This volume had its origins in a conference held at Trinity College, Cambridge, under the auspices of the “Jesuit Emotions” project of the Australian Research Council Centre of Excellence for the History of Emotions, 1100–1800, based at The University of Western Australia, Perth (project number ce110001011). Haskell would like to thank the Masters and Fellows of Trinity College for inviting her to Cambridge as Visiting Fellow Commoner for the Michaelmas and Trinity Terms (2013–14), making it possible for us to host our conference in such beautiful, if not typically Jesuit, surroundings. Fellow Librarian David McKitterick gave his blessing to an exhibition of Jesuit books at the Wren Library. Simon Ditchfield (University of York) helped select the books and compose the labels, and sub-librarian Sandy Paul and his team were unstinting with their time and efforts in assembling and preparing the books for display. We are also very grateful to Professor Stefan Tilg (University of Freiburg), former director of the Ludwig Boltzmann Institute for Neo-Latin Studies in Innsbruck, Austria, for authorizing the Institute’s generous, in-kind support of our event.
The highlight of our conference was an historically informed concert and performance of Adolf and Staudt’s Japanese-themed Jesuit musical drama Mulier fortis (Vienna, 1698) by the Solomon’s Knot Baroque Collective, led by Jonathan Sells.
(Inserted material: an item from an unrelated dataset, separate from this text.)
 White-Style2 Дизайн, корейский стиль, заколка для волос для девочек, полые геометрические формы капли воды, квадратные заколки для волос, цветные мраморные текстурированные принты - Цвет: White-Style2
The editors warmly thank their UWA colleague, Makoto Harris Takao, for his assistance with all aspects of the conference organization and especially with preparations for this final concert. We would also like to thank Brill’s anonymous readers and our colleague in the uwa “Jesuit Emotions” project, Eleonora Rai, for their useful suggestions.
Finally, we are delighted to be able to reproduce Tintoretto’s recently rediscovered portrait of Mancio Ito, Japanese boy-ambassador to the courts of Europe, by kind permission of L’avv. Gian Giacomo Attolico Trivulzio of the Fondazione Trivulzio, Milan.